• [What the exercise asks] In the records below, the line with "Rhodiola Rosea Capsules" opens the range and the line with "Regolamento Cane e locali" closes it; print that range exactly and nothing else.

(Records Opens)

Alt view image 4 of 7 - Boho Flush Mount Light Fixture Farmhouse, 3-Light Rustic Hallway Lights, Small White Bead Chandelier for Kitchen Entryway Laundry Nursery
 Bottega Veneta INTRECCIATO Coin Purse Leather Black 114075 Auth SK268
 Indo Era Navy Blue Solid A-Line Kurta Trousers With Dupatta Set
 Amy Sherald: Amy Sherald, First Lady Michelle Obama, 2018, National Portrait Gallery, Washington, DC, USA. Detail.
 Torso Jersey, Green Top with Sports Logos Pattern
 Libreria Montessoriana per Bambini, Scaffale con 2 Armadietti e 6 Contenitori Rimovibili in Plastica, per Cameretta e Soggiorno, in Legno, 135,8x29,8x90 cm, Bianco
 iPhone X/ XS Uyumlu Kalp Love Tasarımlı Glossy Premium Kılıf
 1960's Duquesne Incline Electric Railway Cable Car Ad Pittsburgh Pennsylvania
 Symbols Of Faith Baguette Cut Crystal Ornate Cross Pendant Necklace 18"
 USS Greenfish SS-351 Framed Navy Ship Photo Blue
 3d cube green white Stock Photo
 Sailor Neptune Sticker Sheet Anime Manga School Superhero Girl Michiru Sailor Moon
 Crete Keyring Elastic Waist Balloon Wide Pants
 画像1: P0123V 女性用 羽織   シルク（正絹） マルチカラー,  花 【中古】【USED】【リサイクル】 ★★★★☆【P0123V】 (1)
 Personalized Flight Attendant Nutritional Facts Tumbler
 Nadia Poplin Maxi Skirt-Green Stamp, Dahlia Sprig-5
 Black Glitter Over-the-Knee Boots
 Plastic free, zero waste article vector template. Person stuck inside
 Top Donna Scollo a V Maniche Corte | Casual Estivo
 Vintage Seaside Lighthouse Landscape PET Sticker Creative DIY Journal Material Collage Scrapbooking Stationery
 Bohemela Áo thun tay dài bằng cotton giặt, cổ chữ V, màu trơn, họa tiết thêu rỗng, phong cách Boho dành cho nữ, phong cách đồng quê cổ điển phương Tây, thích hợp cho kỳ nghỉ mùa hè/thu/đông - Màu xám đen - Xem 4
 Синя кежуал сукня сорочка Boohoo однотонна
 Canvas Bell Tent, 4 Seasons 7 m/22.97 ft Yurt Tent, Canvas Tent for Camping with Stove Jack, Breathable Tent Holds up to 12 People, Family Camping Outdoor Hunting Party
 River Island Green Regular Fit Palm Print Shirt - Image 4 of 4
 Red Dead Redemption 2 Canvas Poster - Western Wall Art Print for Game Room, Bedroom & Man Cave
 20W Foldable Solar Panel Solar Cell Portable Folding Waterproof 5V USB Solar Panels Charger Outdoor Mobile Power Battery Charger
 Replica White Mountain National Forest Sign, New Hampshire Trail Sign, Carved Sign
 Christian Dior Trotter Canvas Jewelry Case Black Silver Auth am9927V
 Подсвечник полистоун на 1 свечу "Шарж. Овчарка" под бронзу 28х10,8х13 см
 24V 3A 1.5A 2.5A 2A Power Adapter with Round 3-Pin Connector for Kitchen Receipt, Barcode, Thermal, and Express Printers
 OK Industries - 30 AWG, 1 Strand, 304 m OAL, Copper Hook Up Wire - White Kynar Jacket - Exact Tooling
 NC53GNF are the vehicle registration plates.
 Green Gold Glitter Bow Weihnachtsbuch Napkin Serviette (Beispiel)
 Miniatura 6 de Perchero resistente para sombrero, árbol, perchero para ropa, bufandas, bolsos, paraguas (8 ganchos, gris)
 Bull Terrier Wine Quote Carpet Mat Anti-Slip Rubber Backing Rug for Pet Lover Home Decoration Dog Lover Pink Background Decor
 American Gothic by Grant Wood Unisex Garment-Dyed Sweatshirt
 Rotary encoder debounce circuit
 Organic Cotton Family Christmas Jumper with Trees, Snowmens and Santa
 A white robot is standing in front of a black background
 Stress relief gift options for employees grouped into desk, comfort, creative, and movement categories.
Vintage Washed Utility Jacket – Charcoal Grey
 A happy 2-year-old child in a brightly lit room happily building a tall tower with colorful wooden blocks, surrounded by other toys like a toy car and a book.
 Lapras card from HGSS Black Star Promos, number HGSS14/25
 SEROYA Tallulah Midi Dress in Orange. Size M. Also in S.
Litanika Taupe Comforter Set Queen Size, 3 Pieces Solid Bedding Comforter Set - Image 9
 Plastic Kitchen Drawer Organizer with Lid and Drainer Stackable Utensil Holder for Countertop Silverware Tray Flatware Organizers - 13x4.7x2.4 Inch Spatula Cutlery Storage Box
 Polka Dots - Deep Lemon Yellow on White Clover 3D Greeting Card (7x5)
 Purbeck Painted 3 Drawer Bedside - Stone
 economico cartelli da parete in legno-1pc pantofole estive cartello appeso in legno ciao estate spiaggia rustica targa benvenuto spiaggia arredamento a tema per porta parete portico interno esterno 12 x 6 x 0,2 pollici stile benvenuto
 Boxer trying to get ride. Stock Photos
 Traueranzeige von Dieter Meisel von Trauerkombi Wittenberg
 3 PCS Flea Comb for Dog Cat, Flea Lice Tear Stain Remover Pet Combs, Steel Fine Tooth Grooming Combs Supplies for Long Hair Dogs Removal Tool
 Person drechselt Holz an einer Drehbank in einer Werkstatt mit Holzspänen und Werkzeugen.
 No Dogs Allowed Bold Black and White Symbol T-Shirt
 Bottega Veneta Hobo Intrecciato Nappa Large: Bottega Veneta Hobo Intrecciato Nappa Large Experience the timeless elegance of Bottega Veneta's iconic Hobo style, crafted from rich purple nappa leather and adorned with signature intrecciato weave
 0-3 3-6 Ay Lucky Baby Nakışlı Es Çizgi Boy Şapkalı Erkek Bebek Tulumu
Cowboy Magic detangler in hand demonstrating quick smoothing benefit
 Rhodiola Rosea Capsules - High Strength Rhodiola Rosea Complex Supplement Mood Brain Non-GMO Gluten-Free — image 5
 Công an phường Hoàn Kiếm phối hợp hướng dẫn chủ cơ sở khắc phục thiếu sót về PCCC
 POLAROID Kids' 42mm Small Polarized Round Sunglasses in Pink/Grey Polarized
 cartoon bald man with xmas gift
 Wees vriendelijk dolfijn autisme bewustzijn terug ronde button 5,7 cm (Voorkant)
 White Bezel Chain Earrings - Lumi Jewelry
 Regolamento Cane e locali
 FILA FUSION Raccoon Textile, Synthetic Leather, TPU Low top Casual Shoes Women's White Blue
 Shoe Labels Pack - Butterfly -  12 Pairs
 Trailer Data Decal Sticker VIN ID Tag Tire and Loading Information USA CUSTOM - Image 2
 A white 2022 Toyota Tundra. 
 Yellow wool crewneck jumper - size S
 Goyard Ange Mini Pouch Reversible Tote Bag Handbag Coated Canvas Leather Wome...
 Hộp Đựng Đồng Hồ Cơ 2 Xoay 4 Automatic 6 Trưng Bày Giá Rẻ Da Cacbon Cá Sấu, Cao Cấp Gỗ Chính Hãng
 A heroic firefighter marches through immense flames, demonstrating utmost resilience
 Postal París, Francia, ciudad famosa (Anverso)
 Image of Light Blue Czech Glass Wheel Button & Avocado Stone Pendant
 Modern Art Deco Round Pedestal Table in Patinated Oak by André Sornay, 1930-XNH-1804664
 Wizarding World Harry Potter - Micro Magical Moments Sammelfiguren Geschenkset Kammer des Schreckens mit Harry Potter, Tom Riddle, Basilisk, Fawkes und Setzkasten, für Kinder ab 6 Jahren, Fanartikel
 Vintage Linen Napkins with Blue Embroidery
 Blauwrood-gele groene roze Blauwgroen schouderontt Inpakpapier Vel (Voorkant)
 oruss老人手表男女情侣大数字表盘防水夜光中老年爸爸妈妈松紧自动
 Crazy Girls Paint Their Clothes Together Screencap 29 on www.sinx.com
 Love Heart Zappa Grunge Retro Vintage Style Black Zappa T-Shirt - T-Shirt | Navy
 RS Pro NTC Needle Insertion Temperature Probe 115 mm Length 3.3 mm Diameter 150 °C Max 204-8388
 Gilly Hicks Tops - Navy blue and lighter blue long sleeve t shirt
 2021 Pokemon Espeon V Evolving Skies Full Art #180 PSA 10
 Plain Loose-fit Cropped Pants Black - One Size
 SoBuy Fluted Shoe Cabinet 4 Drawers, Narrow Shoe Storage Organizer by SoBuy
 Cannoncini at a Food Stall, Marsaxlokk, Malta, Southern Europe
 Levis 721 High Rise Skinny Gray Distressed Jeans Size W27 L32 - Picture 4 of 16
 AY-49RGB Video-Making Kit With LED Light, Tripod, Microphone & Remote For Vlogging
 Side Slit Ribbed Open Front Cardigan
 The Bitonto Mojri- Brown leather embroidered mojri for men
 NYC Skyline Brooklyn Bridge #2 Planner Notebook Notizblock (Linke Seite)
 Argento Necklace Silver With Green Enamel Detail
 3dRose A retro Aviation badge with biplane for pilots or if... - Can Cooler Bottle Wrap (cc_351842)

(Records Closes)

• [Exercise answer]
 Rhodiola Rosea Capsules - High Strength Rhodiola Rosea Complex Supplement Mood Brain Non-GMO Gluten-Free — image 5
 Công an phường Hoàn Kiếm phối hợp hướng dẫn chủ cơ sở khắc phục thiếu sót về PCCC
 POLAROID Kids' 42mm Small Polarized Round Sunglasses in Pink/Grey Polarized
 cartoon bald man with xmas gift
 Wees vriendelijk dolfijn autisme bewustzijn terug ronde button 5,7 cm (Voorkant)
 White Bezel Chain Earrings - Lumi Jewelry
 Regolamento Cane e locali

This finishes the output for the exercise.